What to produce ->
Repeat exactly, and only, the lines below starting at the line that contains "colonial-style house featuring a front yard" and ending at the line that contains "selezione di cibi", inclusive of both.

Records for this task ->
↓↓↓
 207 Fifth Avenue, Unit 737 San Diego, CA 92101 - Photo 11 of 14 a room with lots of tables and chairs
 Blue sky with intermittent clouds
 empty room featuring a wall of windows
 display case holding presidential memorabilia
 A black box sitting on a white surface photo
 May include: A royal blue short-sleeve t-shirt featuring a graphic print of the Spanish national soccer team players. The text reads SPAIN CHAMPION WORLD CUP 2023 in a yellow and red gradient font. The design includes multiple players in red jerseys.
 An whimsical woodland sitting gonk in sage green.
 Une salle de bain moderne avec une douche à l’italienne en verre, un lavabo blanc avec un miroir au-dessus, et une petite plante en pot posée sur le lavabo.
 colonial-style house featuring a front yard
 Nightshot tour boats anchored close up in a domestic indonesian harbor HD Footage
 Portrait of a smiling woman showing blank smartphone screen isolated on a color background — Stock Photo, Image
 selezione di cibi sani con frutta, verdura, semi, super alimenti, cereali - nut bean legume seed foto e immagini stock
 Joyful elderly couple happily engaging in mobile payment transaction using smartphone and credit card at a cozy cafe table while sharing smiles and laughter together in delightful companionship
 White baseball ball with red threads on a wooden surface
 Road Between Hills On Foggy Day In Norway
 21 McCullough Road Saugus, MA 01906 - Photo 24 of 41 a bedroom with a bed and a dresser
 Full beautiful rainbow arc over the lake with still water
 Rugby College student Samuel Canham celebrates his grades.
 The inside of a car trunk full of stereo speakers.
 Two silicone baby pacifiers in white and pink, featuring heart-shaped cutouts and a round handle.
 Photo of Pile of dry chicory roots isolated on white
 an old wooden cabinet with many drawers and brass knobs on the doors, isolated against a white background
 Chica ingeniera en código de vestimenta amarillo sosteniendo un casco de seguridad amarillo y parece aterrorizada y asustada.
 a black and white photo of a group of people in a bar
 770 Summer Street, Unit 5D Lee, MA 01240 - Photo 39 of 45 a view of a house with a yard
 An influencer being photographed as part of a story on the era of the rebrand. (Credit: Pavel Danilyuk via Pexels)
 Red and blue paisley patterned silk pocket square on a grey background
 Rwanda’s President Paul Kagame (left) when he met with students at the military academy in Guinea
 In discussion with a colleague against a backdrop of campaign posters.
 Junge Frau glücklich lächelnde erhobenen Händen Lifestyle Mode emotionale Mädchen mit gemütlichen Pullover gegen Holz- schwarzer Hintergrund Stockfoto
↑↑↑
Finished task ->
 colonial-style house featuring a front yard
 Nightshot tour boats anchored close up in a domestic indonesian harbor HD Footage
 Portrait of a smiling woman showing blank smartphone screen isolated on a color background — Stock Photo, Image
 selezione di cibi sani con frutta, verdura, semi, super alimenti, cereali - nut bean legume seed foto e immagini stock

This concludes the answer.